Nothing but the lines below from the one holding "White t-shirt with" up to and including the one holding "Imsa Moda Typography" should be copied, exactly and without pictures.

SUPPLIED DATA:
· · · ·
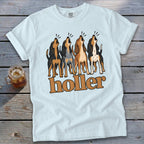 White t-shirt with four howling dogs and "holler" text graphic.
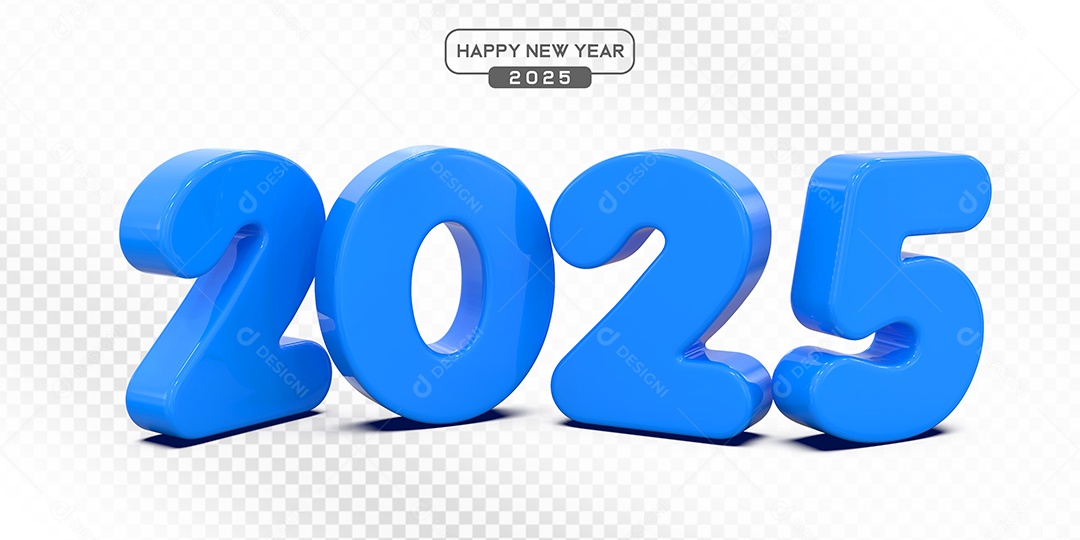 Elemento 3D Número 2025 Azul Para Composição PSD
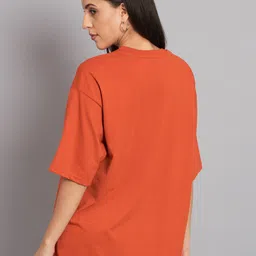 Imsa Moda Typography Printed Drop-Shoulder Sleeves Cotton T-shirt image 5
· · · ·
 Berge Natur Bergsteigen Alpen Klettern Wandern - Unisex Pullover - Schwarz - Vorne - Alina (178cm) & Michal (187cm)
· · · ·
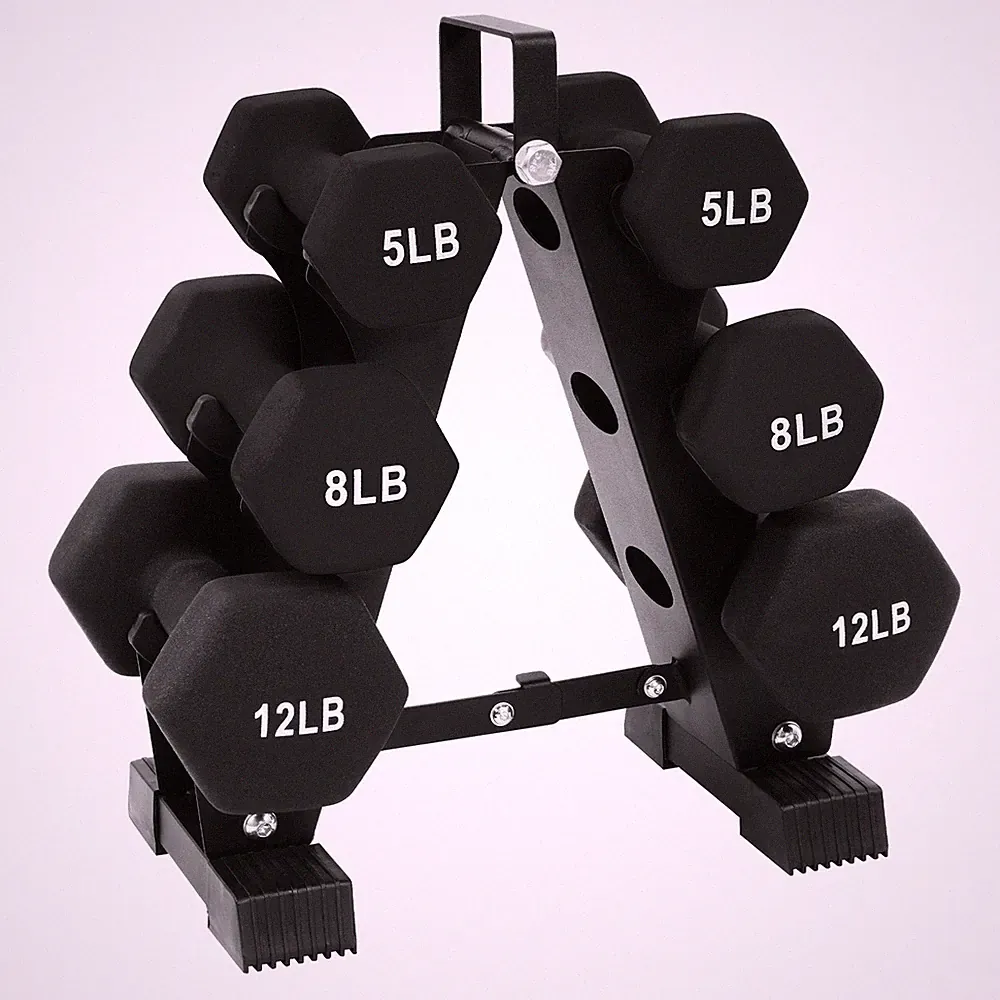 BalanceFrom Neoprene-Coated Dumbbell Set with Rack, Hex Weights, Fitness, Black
· · · ·
SOLUTION:
 White t-shirt with four howling dogs and "holler" text graphic.
 Elemento 3D Número 2025 Azul Para Composição PSD
 Imsa Moda Typography Printed Drop-Shoulder Sleeves Cotton T-shirt image 5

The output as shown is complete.